<< Sensory Walks >>

How do you experience a city as a long term resident, a newcomer or a visitor? And how does your sensory experiences differ from those of the city's many other users? Would you like to explore your senses, learn how they are shaped by culture and connect to the sensory experience of others in the past and in the present? Here you will find some ideas for exercises to awaken your senses, links to talks & literature on the senses, examples of sensory walks of three cities and a toolkit to make your own sensory walk.

i. Becoming attentive to your senses

We generally experience our environment with more than one sense at the time. While it is useful to focus on individual senses and understand how each sense frames our access to the world, it is also important to think about how senses interact. Which senses do you notice most? Are some sensory features so dominant that they overpower others? How do you think you might be conditioned by upbringing, education, or profession to pay more attention to some senses than to others? Do your perceptions change once you filter out a particular sense? Are you more attentive to it afterwards when focusing on all the senses again? We suggest to alternate focusing on the interaction of the senses with zooming in on particular senses.

ii. Sample Walks

Here are some examples of sensory walks: The first section links to the different experimental walks we did in three street across Europe - some multi-sensorial, some focusing on individual senses. The second section provides links to inspiring sensory walks focusing on smell, sound, taste, touch and temperature.

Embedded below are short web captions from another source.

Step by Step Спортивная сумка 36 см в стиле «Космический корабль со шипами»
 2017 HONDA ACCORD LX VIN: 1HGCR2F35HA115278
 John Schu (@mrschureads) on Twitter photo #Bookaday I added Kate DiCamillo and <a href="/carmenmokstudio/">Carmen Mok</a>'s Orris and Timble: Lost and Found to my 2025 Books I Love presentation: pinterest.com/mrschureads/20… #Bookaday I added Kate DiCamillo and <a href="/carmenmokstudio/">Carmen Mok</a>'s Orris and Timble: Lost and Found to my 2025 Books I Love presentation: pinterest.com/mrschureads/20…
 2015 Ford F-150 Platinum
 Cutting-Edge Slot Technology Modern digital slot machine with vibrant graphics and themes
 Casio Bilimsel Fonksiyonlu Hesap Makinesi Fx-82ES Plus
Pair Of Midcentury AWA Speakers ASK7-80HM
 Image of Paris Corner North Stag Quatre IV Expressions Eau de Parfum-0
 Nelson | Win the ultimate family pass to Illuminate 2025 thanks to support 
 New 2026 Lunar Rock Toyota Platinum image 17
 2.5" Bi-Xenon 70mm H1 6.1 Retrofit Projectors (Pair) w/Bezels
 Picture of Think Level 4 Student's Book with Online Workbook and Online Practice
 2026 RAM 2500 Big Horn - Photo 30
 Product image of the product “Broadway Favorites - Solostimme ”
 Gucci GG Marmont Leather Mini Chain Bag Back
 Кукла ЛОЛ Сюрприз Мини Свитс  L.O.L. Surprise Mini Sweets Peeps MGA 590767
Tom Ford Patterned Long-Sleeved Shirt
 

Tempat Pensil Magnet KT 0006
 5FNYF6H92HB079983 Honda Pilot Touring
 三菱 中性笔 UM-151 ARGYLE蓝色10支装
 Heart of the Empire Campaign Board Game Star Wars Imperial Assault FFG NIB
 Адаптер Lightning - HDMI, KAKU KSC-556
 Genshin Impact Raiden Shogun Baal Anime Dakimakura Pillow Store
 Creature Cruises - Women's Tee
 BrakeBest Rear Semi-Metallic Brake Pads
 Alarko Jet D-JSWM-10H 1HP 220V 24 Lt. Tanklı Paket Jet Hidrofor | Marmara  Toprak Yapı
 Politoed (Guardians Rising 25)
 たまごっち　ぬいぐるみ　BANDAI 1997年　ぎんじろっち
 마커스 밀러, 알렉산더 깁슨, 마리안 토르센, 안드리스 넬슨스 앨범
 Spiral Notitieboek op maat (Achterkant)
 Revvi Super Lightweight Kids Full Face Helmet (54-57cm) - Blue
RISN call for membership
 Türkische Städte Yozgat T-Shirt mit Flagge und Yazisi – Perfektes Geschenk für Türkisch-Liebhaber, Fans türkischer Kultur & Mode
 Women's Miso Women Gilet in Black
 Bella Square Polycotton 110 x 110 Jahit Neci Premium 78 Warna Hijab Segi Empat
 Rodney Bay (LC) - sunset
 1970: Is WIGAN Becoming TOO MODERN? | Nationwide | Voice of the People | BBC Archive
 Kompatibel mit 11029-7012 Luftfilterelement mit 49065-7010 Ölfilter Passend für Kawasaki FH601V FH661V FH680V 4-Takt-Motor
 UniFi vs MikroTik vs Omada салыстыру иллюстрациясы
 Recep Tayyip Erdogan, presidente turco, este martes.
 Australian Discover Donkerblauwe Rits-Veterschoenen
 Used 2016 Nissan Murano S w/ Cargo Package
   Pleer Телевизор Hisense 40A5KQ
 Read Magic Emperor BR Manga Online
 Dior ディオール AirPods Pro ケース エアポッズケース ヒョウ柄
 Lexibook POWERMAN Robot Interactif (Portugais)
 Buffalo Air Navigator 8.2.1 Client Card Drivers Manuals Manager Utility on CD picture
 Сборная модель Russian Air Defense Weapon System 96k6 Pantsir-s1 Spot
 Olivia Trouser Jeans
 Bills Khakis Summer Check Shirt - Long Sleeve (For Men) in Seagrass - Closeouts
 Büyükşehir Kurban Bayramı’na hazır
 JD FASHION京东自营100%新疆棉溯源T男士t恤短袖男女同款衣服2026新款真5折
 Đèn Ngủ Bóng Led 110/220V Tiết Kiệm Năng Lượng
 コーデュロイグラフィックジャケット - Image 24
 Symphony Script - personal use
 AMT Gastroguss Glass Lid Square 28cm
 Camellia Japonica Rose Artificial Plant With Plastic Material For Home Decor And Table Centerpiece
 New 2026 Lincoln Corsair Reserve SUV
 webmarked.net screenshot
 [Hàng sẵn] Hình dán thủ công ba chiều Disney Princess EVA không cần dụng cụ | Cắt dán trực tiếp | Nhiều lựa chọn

iii. Make your own Sensory Walks

You can adapt the following ‘exercises’ in any city. It does not matter whether it is an old or a new city, in the centre or the periphery, or whether you are familiar with it or not – as long as you act responsibility and respectfully.

Aims:
Having found the combination of interdisciplinary conversation and embodied fieldwork of our workshops beneficial for our own reflection, we want to share some of the ingredients that can help to feel, to reflect and to communicate. (We tried this out experimentally in Barcelona – see Cities/Streets). We suggest a format that is participatory, interactive and analogue to allow the senses to appear and to have conversations about their interaction and interpretation in a social space. But you can also do this on your own.

At the most general level the aims are to:

  • become more aware of your own sensing
  • understand that the senses are not neutral
  • reflect on the unique sensory landscape of a street
  • develop transferable skills for decoding other localities with the sensory tools learned
  • develop as a reflective individuals and engaged citizen

Format:
A small group tour on foot (8-10 participants at most) would best allow these aims. The suggestions we make can be adapted to different age groups, and mobilities. The tour is not designed to be for outsiders but would indeed be enriched by a dialogue between locals, visitors and urban professionals.